Uygulanmakta olan adalet, ilahi adalete dayanmadığı için, batı dünyasından iktibas edilip bize mal ettirilen mevcut hukukun neresindeyiz ve kaçta kaçı hukukun üstünlüğüne ve insan temel hak ve özgürlüğüne uygundur?

Cinayet davalarındaki kıyas meselelerinden tutun da, her konudaki davaların mevcut adalet uygulamasının (!) kaçta kaçı hukuk normlarına uygundur...

Ya da, adalet ilkeleri paralelinde yürümektedir?

Bize göre hiç.

Zira insanların getirdiği adalet, hiçbir zaman adalet gerçeğini yansıtmamıştır.

Neden mi?

Çünkü zerre kadar bu uygulamaların hiçbirisi, hiçbir alanda caydırıcı birer müeyyide olarak kendini gösteremiyor.

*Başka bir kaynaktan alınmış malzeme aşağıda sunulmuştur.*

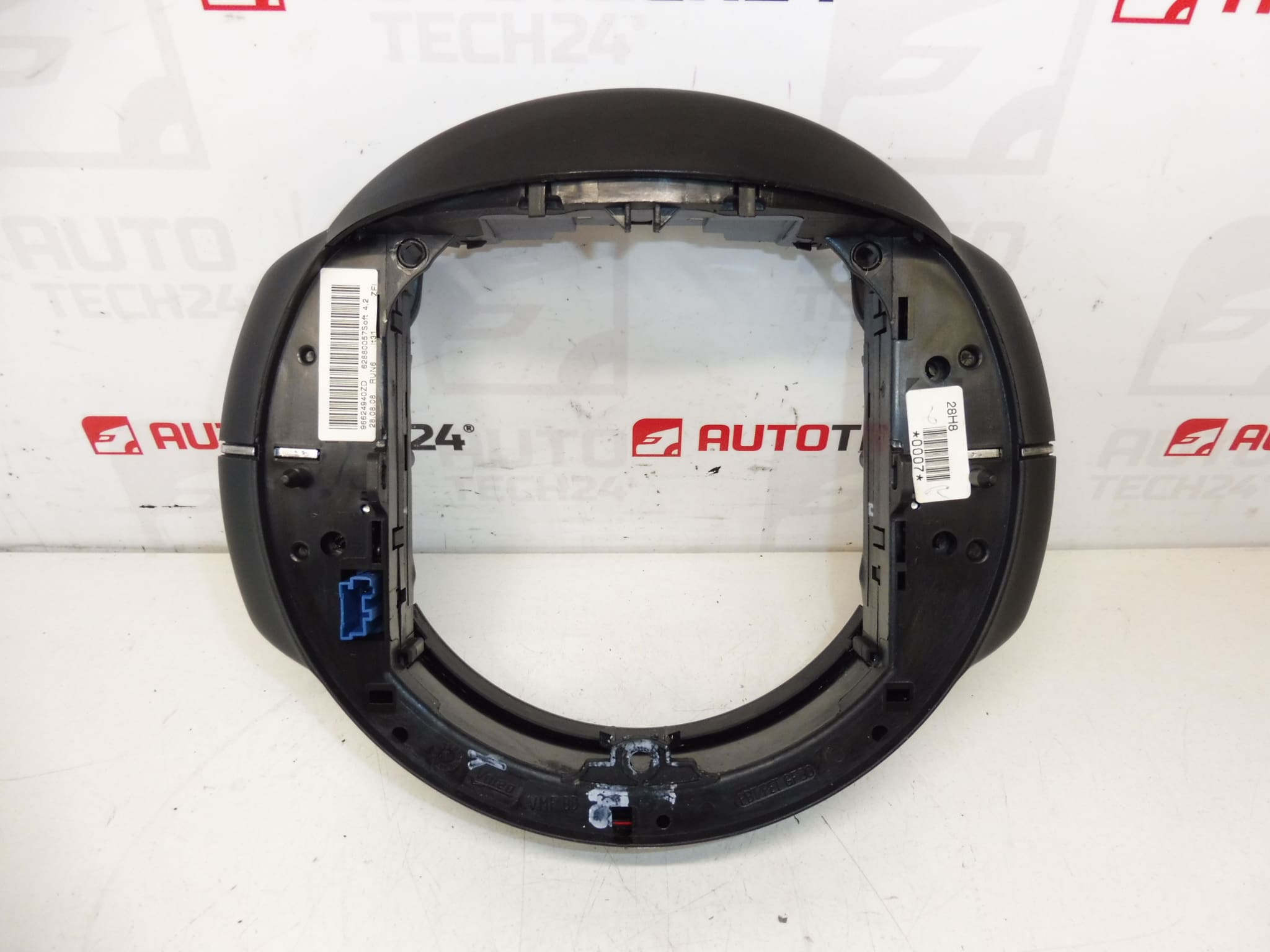 Ovladače na volantu Citroën C4 96624940ZD 6242Y8 - Obrázek 2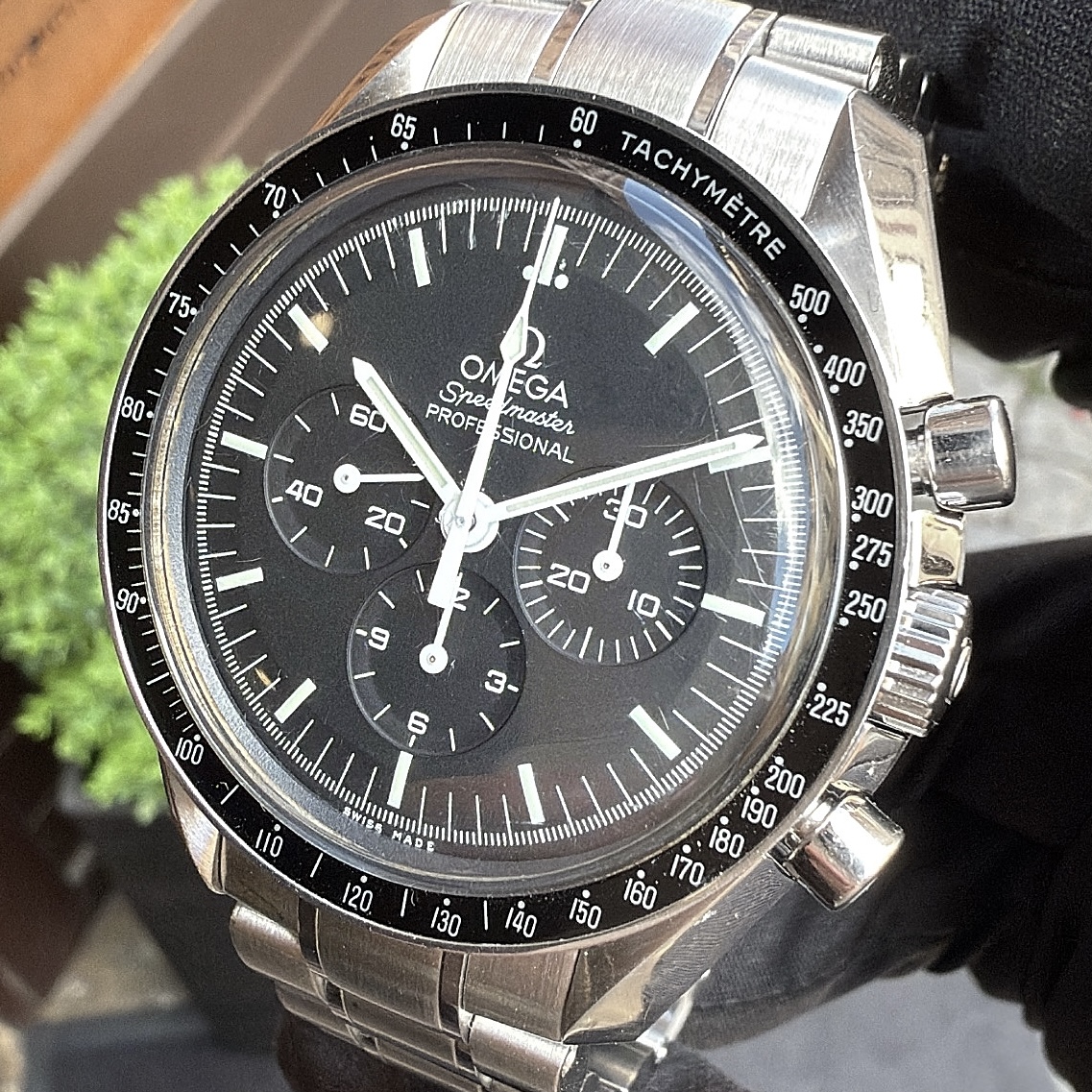 Omega Speedmaster Professional Moonwatch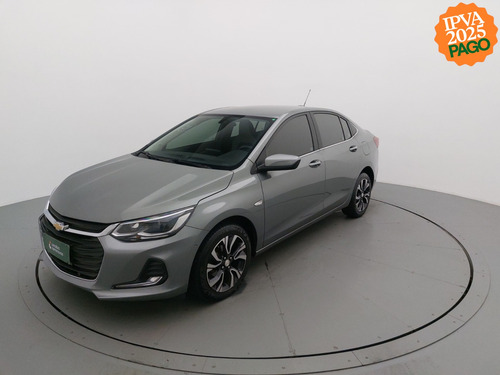 Chevrolet Onix 1.0 TURBO FLEX PLUS PREMIER AUTOMÁTICO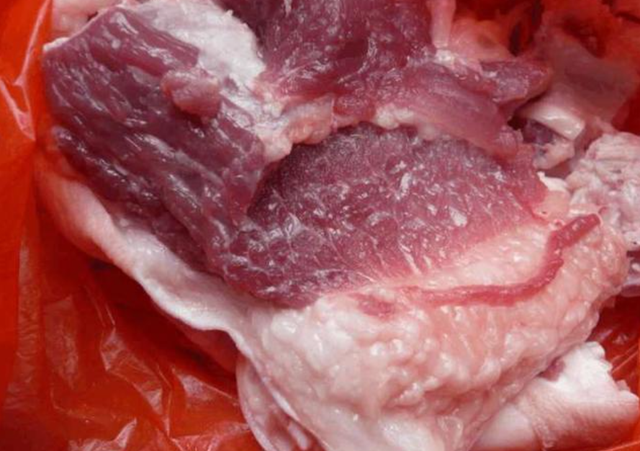 猪肉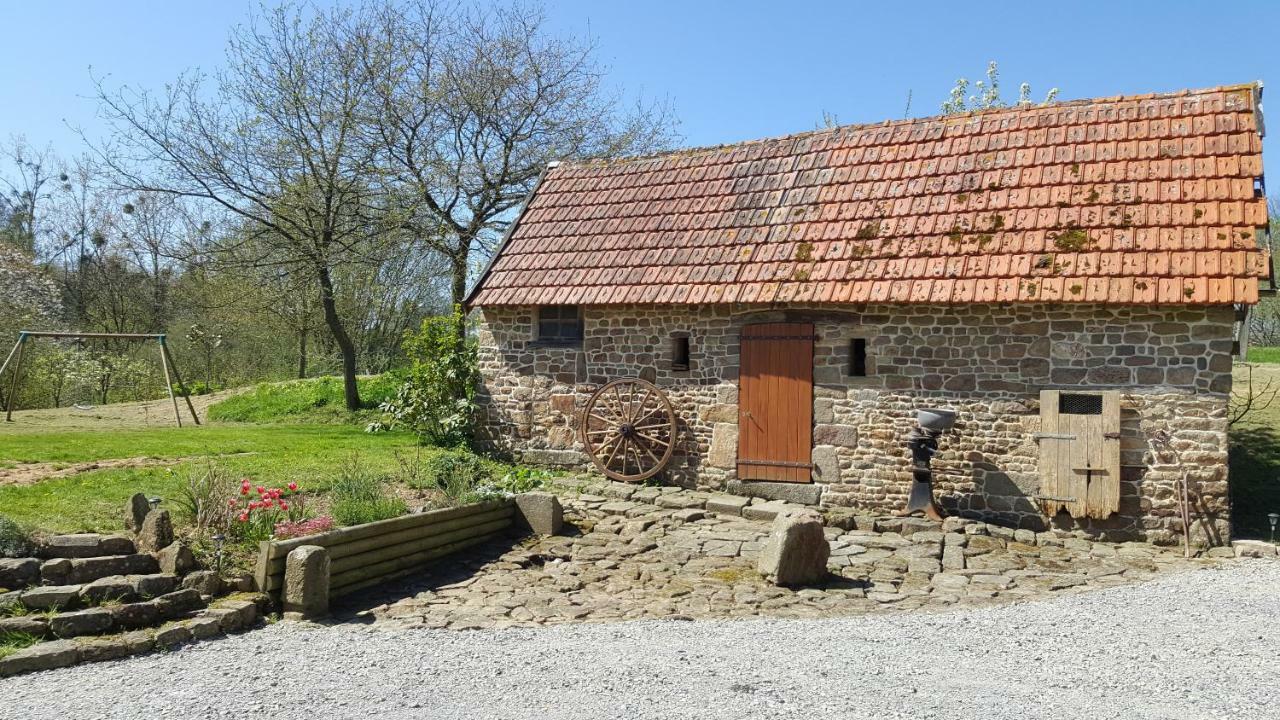 Villa Le BOCAGE à Sartilly-Baie-Bocage Extérieur photo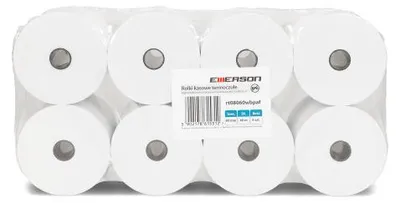 Produktbild von Emerson Thermorollen 80x60, Packung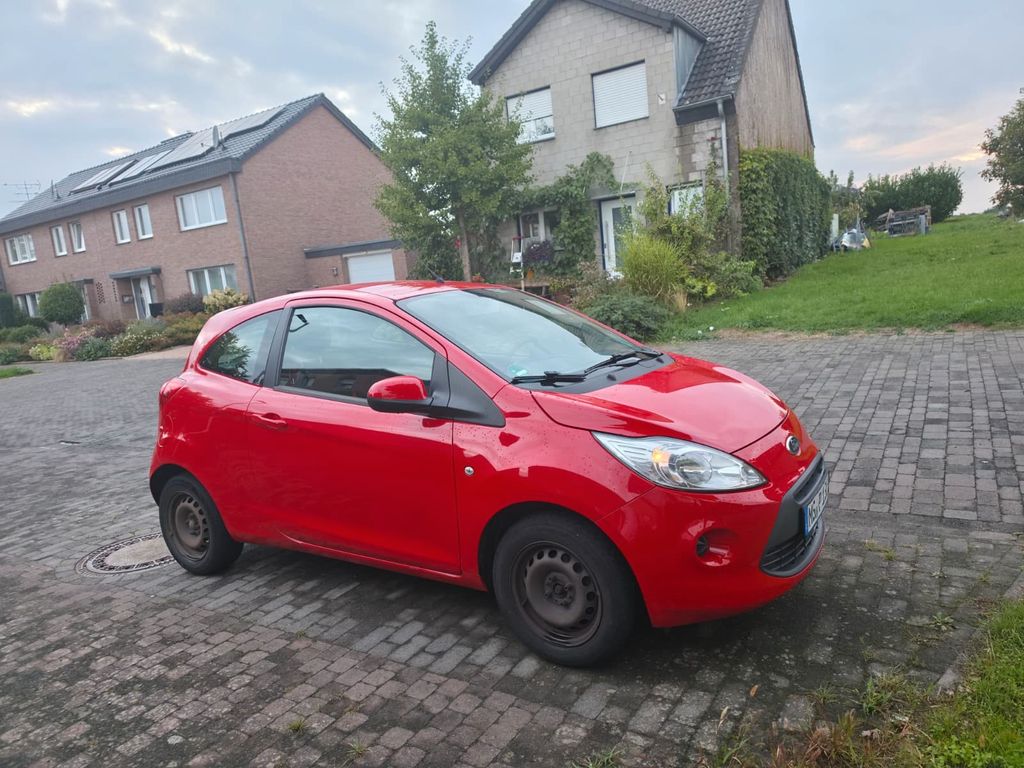 Bild des Angebotes Ford Ka 1,2 Trend KLIMA SITZHEIZUNG TOP!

Zira oldukça suç ve suçlu çoğalıyor.

Bilindiği üzre gerçekten bir müeyyide caydırıcılığını yitirmişse, hiçbir zaman dünya hukuk literatüründe hukuk sayılamaz.

Hukuk ilkeleridiye ifade edilemez..

Hukuk literatüründe de yeri yoktur.

Yüce kudret sahibi olan Allahû Teâlâ’nın değil, aciz ve perişan insanların getirdiği hukuk adl-i ilahiyle bağdaşmadığı için hukukun neresine yerleştirilebilinir ki?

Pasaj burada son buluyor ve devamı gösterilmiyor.